Но после первого набега на Землю, пятнадцать лет тому назад, варвары повздорили между собой. Законные правители умерли, а их сыновья затеяли грызню из-за наследства, которым не знали как управлять. Лига раскололась на два больших враждующих лагеря, а уж мелких группировок было не перечесть. От былой организованности не осталось и следа.

Но люди замешкались. Беспомощное правительство Содружества наблюдало за происходящим, но боялось вмешиваться. В итоге болдики высадились на всех крупных планетах Солнечной системы. Но то, что они довольствуются лишь налетами на внутренние миры, а не устанавливают там свое правление, говорит об их слабости. Объединившись, мы можем изгнать их и искоренить заразу в самом ее сердце, на Горзуне. Нам недостает вождя.

Он говорил хрипло и сердито. Я моргнул, ощущая, как внутри меня нарастает раздражение.

— По-вашему, мы делали вид, что сражаемся? — бросил я.

— Отнюдь, но вас одолели, — осклабился он. — А все потому, что некому было вдохнуть в вас храбрость, что у вас не было вождя, который организовал бы вас и переломил ход войны.

— Полагаю, — заметил я саркастически, — что в вашем лице такой вождь найден.

Голос его прозвучал спокойно и уверенно:

— Да.

В последующие дни мне удалось узнать побольше о Мануэле Аргосе. Он был из тех, кому не надоедает рассуждать о себе самом.

Среди предков его, как мне кажется, преобладали анатолийцы, хотя наверняка попадались и негры, и азиаты. Но что касается льдисто-голубых глаз, то тут явно проглядывал скандинав. В общем, причудливая смесь всех и всяческих кровей, что в наши дни — вовсе не редкость.

Мать его была поденщицей на Венере. Отца он не знал. Тот вроде бы входил в отряд космических разведчиков и погиб молодым, так и не увидев собственного ребенка. Когда Мануэлю исполнилось тринадцать, его отправили на Сириус, и с тех пор он не бывал в Солнечной системе. Кем он только не был за свои сорок лет — космонавтом, шахтером, портовым грузчиком, охотником, техником; он сражался в гражданских войнах, он воевал с болдиками, он занимался в колониальных мирах политикой и другими темными делишками.

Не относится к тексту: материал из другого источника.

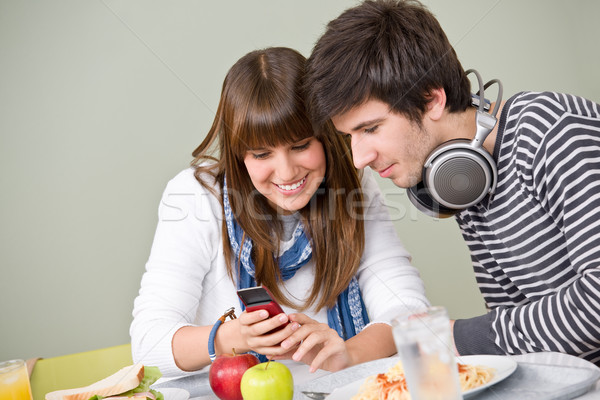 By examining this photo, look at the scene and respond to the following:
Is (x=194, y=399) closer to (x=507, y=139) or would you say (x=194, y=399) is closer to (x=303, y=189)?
(x=303, y=189)

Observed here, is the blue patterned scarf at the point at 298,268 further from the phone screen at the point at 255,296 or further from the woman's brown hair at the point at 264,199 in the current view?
the phone screen at the point at 255,296

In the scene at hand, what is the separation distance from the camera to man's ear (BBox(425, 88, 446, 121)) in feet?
4.02

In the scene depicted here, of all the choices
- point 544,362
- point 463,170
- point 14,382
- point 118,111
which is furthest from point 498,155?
point 118,111

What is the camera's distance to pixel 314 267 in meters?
1.57

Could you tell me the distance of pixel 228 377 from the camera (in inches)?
38.7

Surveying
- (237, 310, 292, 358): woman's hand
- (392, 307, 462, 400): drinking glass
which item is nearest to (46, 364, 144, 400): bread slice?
(237, 310, 292, 358): woman's hand

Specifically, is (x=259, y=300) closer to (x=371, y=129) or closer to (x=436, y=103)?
(x=371, y=129)

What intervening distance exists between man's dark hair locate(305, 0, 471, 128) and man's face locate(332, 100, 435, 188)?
19 millimetres

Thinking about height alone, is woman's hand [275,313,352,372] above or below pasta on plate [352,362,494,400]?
above

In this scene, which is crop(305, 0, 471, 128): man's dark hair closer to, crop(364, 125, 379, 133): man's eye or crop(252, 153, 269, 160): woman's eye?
crop(364, 125, 379, 133): man's eye

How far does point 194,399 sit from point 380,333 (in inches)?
18.4

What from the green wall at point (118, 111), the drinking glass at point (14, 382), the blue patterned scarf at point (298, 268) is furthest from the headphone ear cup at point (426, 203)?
the green wall at point (118, 111)

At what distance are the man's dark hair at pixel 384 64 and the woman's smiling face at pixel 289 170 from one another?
0.12 m

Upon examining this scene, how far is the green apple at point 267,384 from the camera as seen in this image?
0.88m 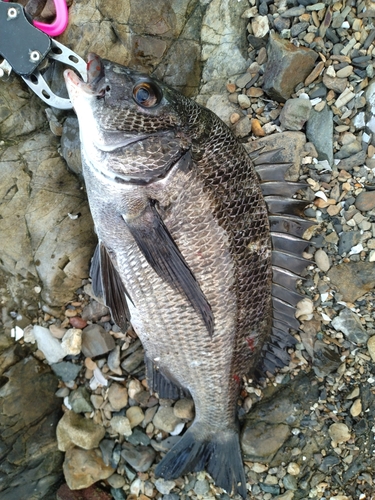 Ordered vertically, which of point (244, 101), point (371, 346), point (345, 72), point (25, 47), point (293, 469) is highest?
point (345, 72)

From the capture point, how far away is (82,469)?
296cm

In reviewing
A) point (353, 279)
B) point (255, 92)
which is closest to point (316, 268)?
point (353, 279)

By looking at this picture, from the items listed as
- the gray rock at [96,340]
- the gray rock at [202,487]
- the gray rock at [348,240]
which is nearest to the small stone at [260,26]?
the gray rock at [348,240]

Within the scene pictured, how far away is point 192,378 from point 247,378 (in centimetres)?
40

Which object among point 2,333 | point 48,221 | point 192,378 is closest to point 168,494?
point 192,378

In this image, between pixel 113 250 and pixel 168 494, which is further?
pixel 168 494

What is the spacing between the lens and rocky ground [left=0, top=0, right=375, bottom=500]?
279 centimetres

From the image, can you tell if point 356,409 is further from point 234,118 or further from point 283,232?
point 234,118

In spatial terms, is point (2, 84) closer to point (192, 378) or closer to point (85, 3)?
point (85, 3)

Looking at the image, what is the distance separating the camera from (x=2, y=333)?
293 cm

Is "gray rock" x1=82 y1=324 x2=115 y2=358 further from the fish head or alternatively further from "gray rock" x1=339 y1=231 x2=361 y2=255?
"gray rock" x1=339 y1=231 x2=361 y2=255

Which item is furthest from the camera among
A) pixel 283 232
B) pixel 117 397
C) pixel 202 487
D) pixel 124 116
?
pixel 117 397

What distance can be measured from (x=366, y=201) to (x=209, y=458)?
6.34 feet

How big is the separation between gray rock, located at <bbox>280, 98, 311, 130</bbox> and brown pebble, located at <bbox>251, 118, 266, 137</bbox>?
6.1 inches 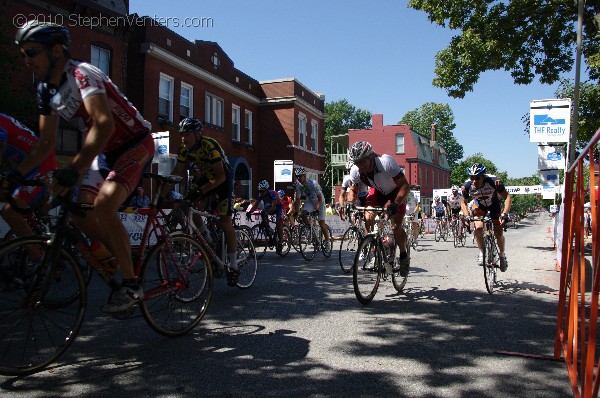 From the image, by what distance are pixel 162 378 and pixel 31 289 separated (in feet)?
3.41

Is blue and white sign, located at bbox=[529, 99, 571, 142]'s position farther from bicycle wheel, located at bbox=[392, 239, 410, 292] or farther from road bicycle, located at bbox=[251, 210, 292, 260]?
bicycle wheel, located at bbox=[392, 239, 410, 292]

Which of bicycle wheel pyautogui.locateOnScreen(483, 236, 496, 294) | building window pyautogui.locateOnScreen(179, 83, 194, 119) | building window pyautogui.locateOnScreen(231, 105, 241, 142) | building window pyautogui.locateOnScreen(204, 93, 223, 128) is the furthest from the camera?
building window pyautogui.locateOnScreen(231, 105, 241, 142)

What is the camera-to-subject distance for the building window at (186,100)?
23.3 m

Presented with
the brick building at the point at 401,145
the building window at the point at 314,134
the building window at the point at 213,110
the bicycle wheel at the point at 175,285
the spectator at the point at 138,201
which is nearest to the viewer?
the bicycle wheel at the point at 175,285

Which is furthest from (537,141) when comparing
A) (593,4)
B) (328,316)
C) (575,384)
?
(575,384)

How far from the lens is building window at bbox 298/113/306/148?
3291 centimetres

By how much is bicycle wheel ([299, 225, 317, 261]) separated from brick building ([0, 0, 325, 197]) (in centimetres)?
693

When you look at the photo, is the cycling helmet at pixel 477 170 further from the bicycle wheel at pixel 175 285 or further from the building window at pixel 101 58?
the building window at pixel 101 58

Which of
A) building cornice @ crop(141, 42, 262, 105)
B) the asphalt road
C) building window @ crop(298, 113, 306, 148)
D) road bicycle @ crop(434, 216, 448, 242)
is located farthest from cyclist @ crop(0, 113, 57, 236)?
building window @ crop(298, 113, 306, 148)

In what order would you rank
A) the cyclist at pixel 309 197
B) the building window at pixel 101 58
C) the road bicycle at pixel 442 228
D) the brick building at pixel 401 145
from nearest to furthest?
1. the cyclist at pixel 309 197
2. the building window at pixel 101 58
3. the road bicycle at pixel 442 228
4. the brick building at pixel 401 145

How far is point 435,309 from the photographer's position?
5.53 meters

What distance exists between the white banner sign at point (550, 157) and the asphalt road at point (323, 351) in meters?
9.62

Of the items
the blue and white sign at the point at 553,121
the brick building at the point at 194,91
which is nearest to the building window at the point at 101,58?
the brick building at the point at 194,91

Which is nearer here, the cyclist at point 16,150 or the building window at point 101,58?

Как это у него получалось, я не знаю, но он умудрялся выкраивать свободное время, чтобы читать, много и беспорядочно. Однако книгам он доверял меньше, чем собственному чутью. В плен он угодил четыре года назад, когда горзуни вторглись на альфу Центавра, и изучал их теперь так же хладнокровно, как некогда людей.

Да, он был словоохотлив, но до известных пределов, которые вряд ли когда переступал. Маска мечтателя-одиночки успешно скрывала его внутреннюю сущность. Трудно было понять, то ли напускная холодность выморозила его душу и сделалась второй натурой, то ли под доспехами безразличия и в самом деле таились нежность и ранимость. Мануэль умело пользовался этой двойственностью: не ведая, чего от него ожидать, люди в его присутствии нервничали, обрекая себя тем самым на подчинение его воле.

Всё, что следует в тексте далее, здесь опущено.